Chapter Content

Calculating...

Alors, euh, parlons un peu... de, comment dire... de cette idée, enfin, de cette... idée reçue qu'est la "valeur actionnariale". Ah là là... Une idée considérée par certains comme... euh... la chose la plus stupide au monde !

Bon, déjà, il y a cette citation de Jack Welch, l'ancien patron de General Electric, qui disait, grosso modo, que la valeur actionnariale, c'est un résultat, pas une stratégie. Que les vraies priorités, c'étaient les employés, les clients, et les produits. C'est pas faux hein ? Et puis, y'a Warren Buffett qui disait, avec son humour habituel, qu'il serait SDF avec un gobelet si les marchés étaient toujours efficaces... C'est dire !

L'idée de maximiser la valeur actionnariale, c'était censé être la solution à tous les problèmes. Genre, au lieu de juste faire des profits, on devait maximiser les rendements pour les actionnaires, à long terme. Dividendes, augmentation du prix des actions... toute la panoplie.

En fait, cette "ère de la valeur actionnariale", elle a vraiment démarré dans les années 80, avec, euh... l'idée, hein, que la seule chose qui compte, c'est le cours de l'action. On raconte une anecdote assez parlante. Il y avait Sandy Weill, qui dirigeait Travelers Insurance, et John Reed, le patron de Citibank. Ils ont fusionné leurs entreprises, et pendant un petit moment, ils étaient co-PDG. Reed disait qu'il voulait construire une entreprise pour aider la classe moyenne. Et Weill, lui, ne jurait que par la valeur actionnariale, les yeux rivés sur le cours de l'action.
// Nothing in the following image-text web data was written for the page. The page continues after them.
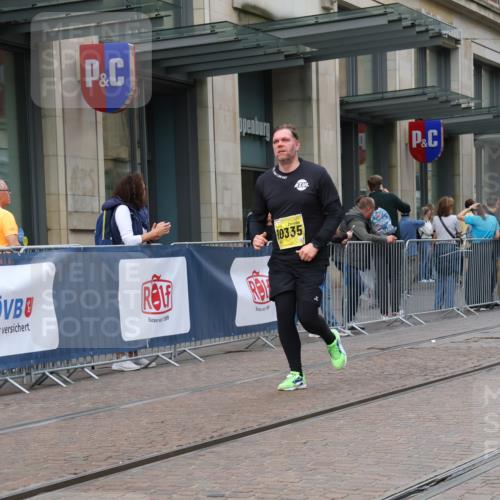 13.09.2026 - 21. swb-Marathon Bremen Strokosch-Dieckow http://msf.ph/oto/10356203 13.09.2026 11:16:51 Ziel 10295, 10335, 10773, 10779, 10999, 11355, 11461, 11495, 11653, 11672, 12101, 12287, 10679, 11456, 11867, 12089, 12102, 12158 meine-sportfotos.de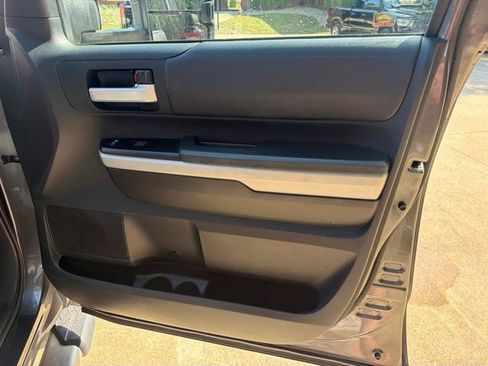 Used 2019 Toyota Tundra SR5 w/ TRD Off Road Package AWD/4WD image 25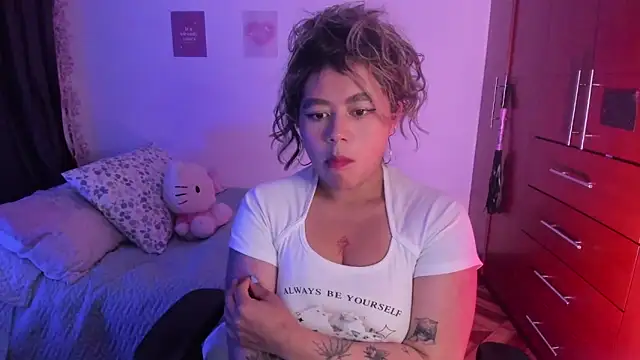 Snapshot of StephaniFox chatting on October 13, 2025, 12:45 am StephaniFox online show from October 13, 2025, 12:45 am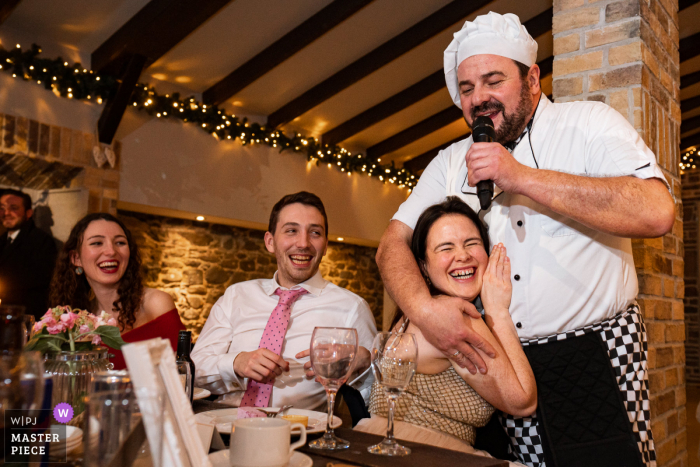 Fotografía de boda en Irlanda de Segrave Barns Irlanda del chef cantante durante la fiesta en el lugar de recepción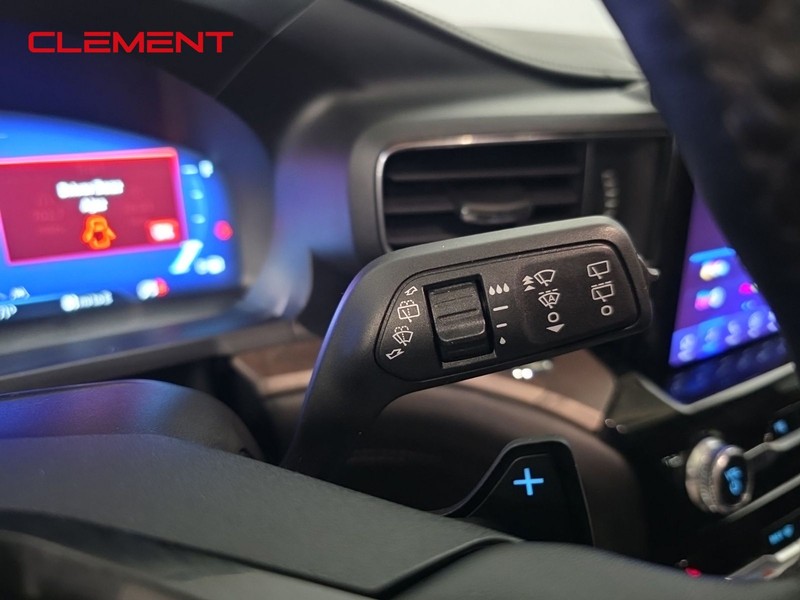 Ford Explorer Vehicle Image 16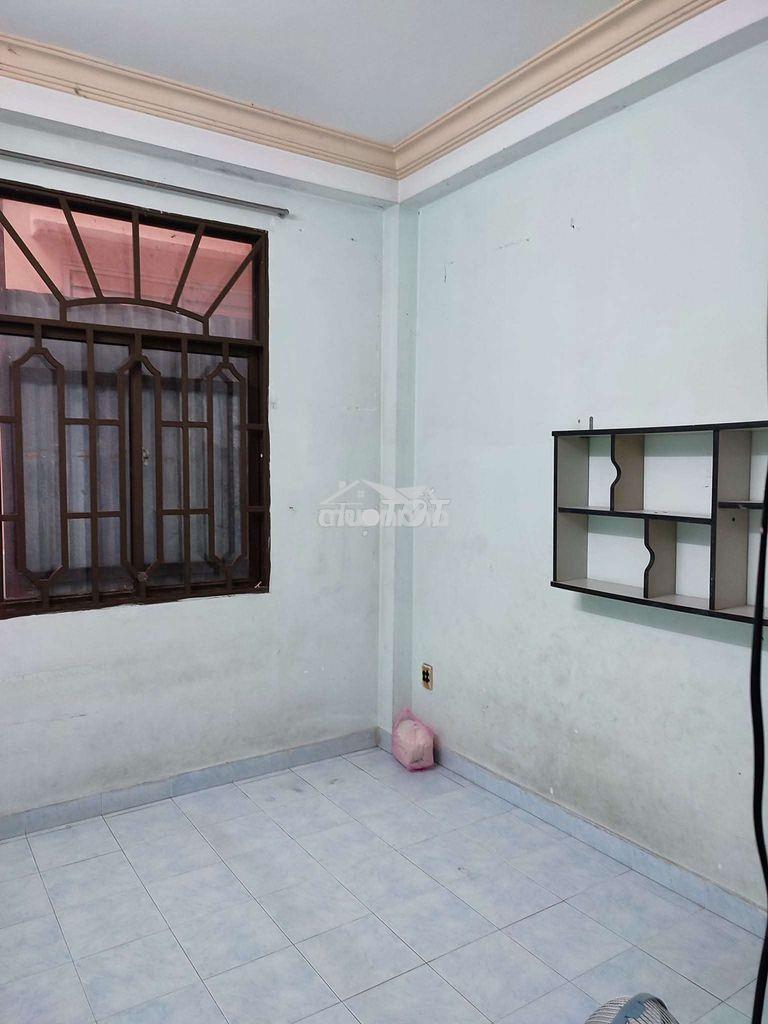 Phòng cho 1 nữ thuê  - 4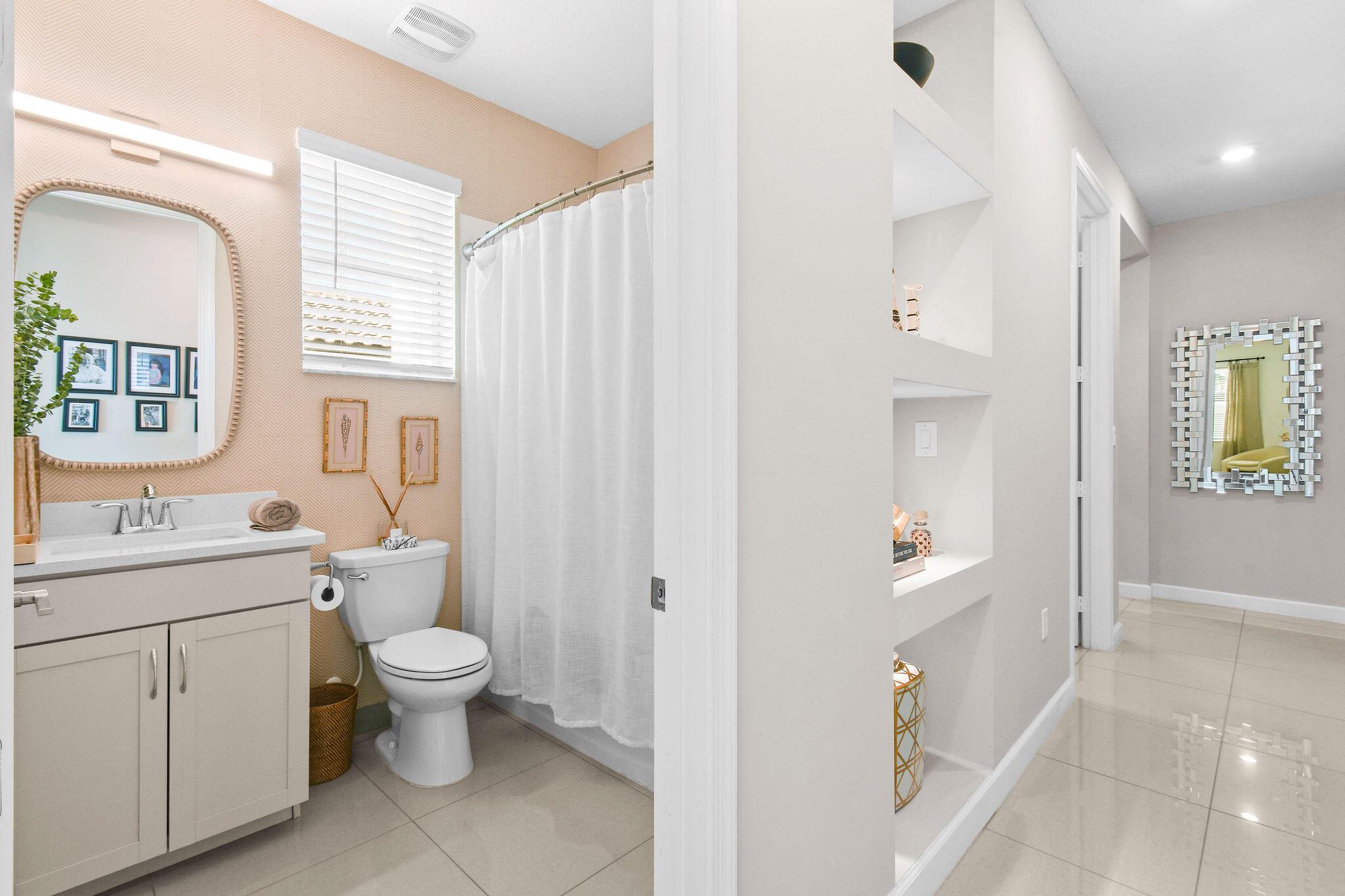Crestwood North BELLASERA - Residential Lease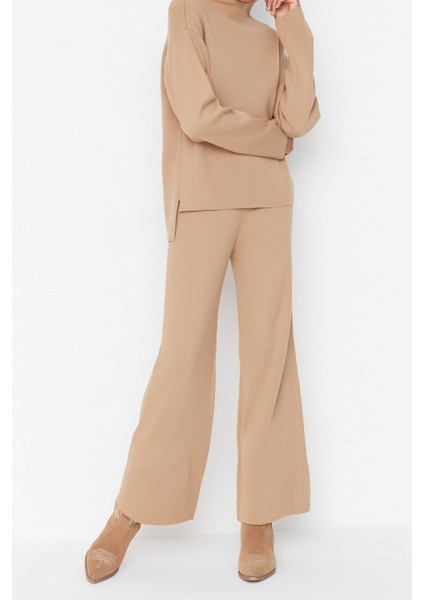 Tarz Kadın Modern Moda Normal Bel Geniş Paça Dik Yaka Dik Yaka Triko Alt-Üst Takım fiyatları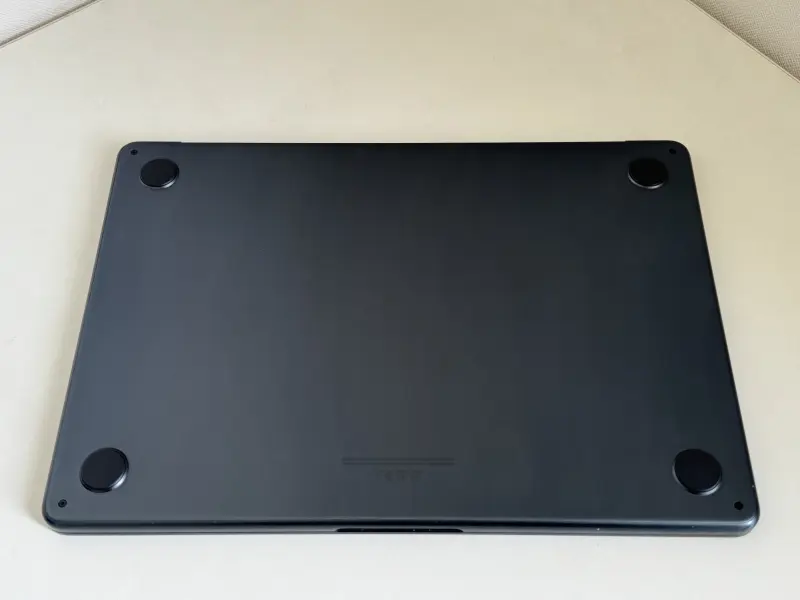 Macbook Air 13.6" Chip M3 8gb Ram 256gb SSD con teclado en español - Imagen 4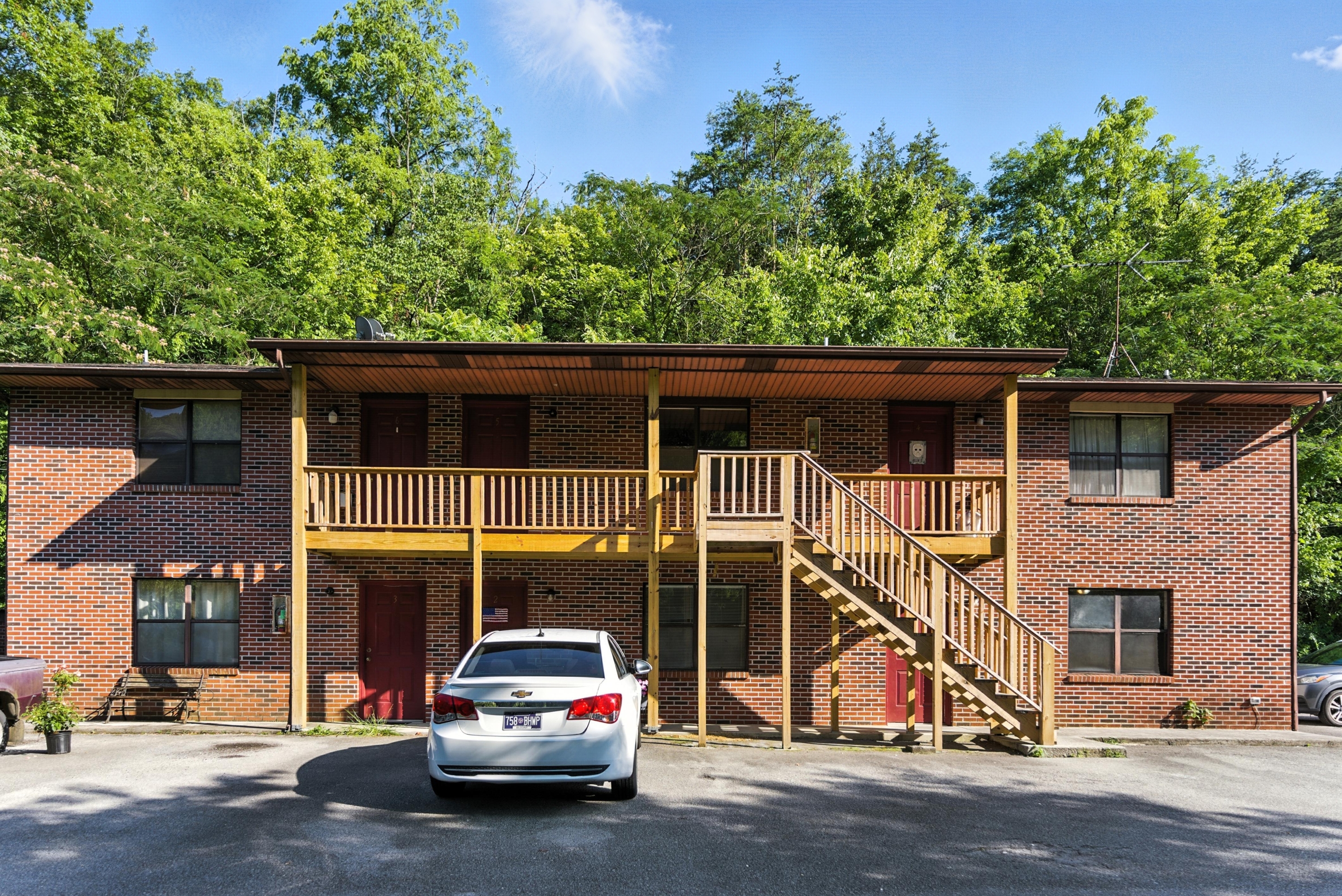 12827 Chapman Highway - 5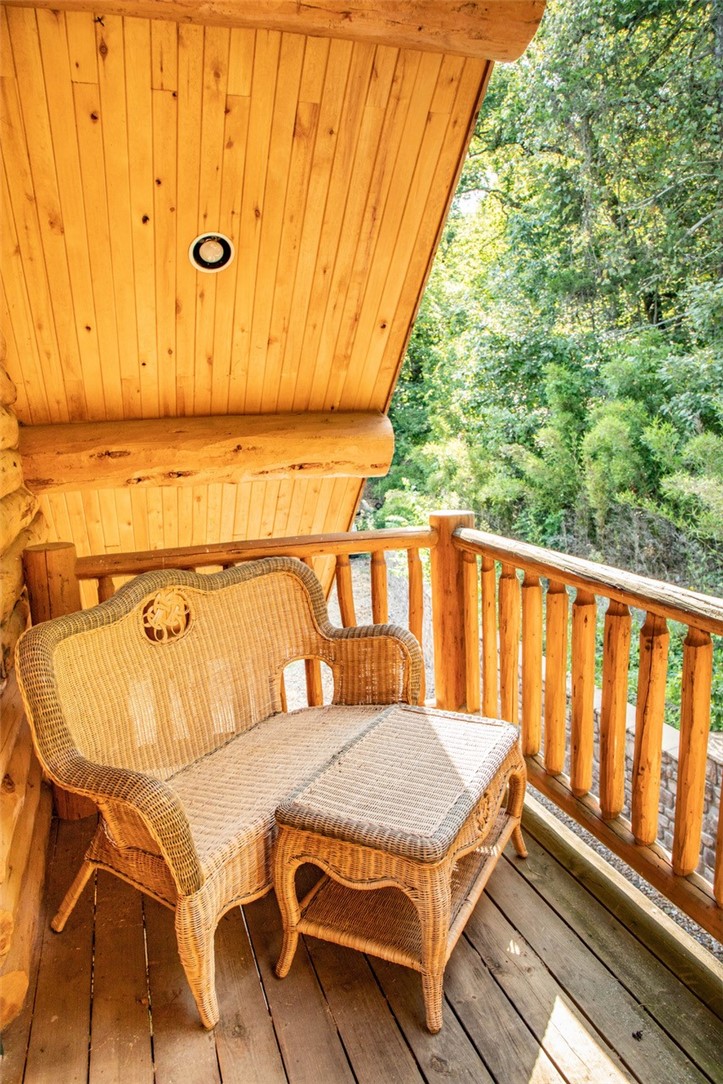 True North Team KW  LAND - Residential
Bon, devinez qui a fini par être évincé ? Reed, évidemment. Et quelques années plus tard, en 2008, Citibank a dû être sauvée par l'état, parce que, eh bien, la "valeur actionnariale" s'était évaporée.

C'est Jack Welch, en fait, qu'on considère souvent comme le père de cette idée, même s'il n'a pas vraiment inventé l'expression. C'est plutôt un certain Alfred Rappaport. Et puis les consultants s'en sont emparés, avec une ferveur incroyable. "Valeur actionnariale" par-ci, "valeur actionnariale" par-là... On n'entendait plus que ça. Et puis, tenez-vous bien, en 2009, Welch lui-même a fini par dire que c'était l'idée la plus stupide au monde! Bon, il s'est un peu rétracté après, mais quand même...

Imaginez un employé de Walmart, la caissière, le PDG... vous croyez qu'ils sont motivés à l'idée de maximiser la valeur actionnariale ? Franchement... Et Bill Gates ou Jeff Bezos, vous pensez qu'ils espèrent qu'on écrira sur leur tombe "Il a maximisé la valeur actionnariale" ? Bof !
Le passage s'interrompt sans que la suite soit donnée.